Portugal had an unacceptable fiscal deficit that required drastic measures to avoid bankrupting the country. The Troika has since recognised that the country is meeting its commitments under the MoU, and this has led to an increase in the foreign direct investment, say lawyers. But they are concerned as to whether the Government is actually taking steps in the right direction, principally because the austerity measures themselves are seen as affecting the growth of the economy.
“We’re in an economic depression and everything is decreasing,” says António Soares, Head of Corporate Finance at Linklaters, Lisbon. “The question is whether the austerity measures are creating the environment for the economy to grow or destroying it.”
For the time being, the severe austerity measures imposed by the Government are having a devastating effect on the economy, according to Carlos Aguiar, Managing Partner at Carlos Aguiar, Ferreira de Lima & Associados, with unemployment increasing sharply, internal consumption diminishing drastically and a very heavy tax burden imposed on the Portuguese, in particular the middle class.
In fact, all the key economic indicators have deteriorated since the austerity programme began, and there is concern that Portugal may be heading towards a death spiral says Rui Amendoeira, Managing Partner at Miranda, Correia, Amendoeira & Associados, where austerity leads to more recession, which in turn forces more austerity, which causes even more recession.
Economic recovery requires also further investment, says Miguel Castro Pereira, Managing Partner at Abreu Advogados, and public investment is the motor of the Portuguese economy. “One cannot expect that private investment will push the economy on its own. Exports are growing, but the Portuguese economy needs local consumption to push it further.” If the internal income available is oppressively reduced through an excessive increase of tax burdens, the economy simply will not recover.
For Nelson Raposo Bernardo, Managing Partner at Raposo Bernardo, clients currently fall into three categories – companies that failed, those able to handle the situation with their own funds, and those that have suspended projects or activities in Portugal and are investing abroad.
Liquidity is scarce in almost every economic sector and financing is practically non-existent, with these factors playing a major role in the increase of insolvency of corporate clients, says Felipe Baião do Nascimento, Partner at Baião, Castro & Associados, a business law and dispute resolution boutique. Lawyers are seeing many Portuguese companies having to restructure their businesses and downsize, or obtain alternate sources of finance outside of Portugal, or even the EU, to stand a chance of surviving.
And while some are adopting a ‘wait and see’ approach, the majority fall into the ‘internationalisation’ category, with the word attaining an almost ‘do or die’ business status. For Amendoeira at Miranda, virtually all of their Portuguese clients now have strategies in place towards finding new international markets which can compensate for a very depressed domestic market. Even old companies that were traditionally very domestic market-centred are now looking to the international markets as a ‘must have’ piece of their growth strategies. If a company, no matter its size, is perceived as not having an international approach of some sort, this is viewed as poor management these days.

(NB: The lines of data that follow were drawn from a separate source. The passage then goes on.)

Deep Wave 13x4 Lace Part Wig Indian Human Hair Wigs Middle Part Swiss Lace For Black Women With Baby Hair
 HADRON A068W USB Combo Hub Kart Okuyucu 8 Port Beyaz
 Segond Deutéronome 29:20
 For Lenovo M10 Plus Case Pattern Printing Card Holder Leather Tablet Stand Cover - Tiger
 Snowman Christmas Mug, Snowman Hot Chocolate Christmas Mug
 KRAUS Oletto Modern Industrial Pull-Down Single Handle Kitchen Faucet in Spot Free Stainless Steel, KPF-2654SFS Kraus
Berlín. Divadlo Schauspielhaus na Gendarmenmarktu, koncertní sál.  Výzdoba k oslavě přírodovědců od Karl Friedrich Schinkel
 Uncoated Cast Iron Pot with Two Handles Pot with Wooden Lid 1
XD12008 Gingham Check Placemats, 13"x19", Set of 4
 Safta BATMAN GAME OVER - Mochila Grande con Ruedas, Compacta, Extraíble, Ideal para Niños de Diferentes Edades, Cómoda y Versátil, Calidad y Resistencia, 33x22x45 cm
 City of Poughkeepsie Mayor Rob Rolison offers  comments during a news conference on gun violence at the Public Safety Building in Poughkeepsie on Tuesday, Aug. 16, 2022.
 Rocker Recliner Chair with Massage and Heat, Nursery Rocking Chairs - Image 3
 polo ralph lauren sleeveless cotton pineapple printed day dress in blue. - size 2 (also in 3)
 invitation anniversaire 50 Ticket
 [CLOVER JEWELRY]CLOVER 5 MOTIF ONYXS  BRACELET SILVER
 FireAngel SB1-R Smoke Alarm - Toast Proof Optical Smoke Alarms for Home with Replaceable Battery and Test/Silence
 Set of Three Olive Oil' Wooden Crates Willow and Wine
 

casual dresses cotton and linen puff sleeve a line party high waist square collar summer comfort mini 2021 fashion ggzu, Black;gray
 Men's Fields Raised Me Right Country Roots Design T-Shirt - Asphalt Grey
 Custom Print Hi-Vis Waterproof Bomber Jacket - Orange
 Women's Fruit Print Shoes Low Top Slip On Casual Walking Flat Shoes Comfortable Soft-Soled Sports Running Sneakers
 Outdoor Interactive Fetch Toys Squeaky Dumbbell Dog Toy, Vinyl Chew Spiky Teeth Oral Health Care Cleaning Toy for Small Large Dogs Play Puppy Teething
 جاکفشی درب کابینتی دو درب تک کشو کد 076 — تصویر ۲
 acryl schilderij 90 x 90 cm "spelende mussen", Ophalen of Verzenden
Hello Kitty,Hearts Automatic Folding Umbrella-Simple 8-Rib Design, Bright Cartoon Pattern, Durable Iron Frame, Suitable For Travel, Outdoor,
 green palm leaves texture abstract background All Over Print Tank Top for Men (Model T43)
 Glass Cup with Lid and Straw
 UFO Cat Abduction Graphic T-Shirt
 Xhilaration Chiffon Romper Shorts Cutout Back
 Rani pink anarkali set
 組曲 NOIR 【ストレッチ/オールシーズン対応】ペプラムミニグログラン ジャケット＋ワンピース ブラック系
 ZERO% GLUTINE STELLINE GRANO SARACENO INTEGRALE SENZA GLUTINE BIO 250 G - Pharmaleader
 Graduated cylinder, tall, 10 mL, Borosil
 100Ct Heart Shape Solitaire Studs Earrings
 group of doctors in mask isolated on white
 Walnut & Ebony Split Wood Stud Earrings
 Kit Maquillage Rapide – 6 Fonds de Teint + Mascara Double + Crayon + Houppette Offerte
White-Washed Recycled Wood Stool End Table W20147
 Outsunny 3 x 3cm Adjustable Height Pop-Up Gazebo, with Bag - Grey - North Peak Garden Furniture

Internationalising within the Portuguese-speaking countries is an area where Portugal has an advantage over its EU counterparts. Its historic, economic and linguistic ties give companies, and law firms, the benefit of being able to capitalise on some of the world’s most rapidly developing economies. Angola, Mozambique and Brazil are currently top of the list of markets that clients are turning towards.
But while the opportunities to thrive are there, the Portuguese Government seems to be working against them when it comes to supporting those making the move abroad.
Many Portuguese companies are doing much better there than back home, but when trying to repatriate foreign income, many often feel penalised by stringent tax laws.
“Yes there is opportunity abroad, but is that money actually coming back and being invested or reinvested into Portugal?” ask Claudia Santos Cruz, Managing Partner of AVM Advogados in Lisbon. “The Government seems to be focusing on attracting international buyers and investors but nothing is being done to facilitate and promote the return or re-investment from our own companies doing well abroad.”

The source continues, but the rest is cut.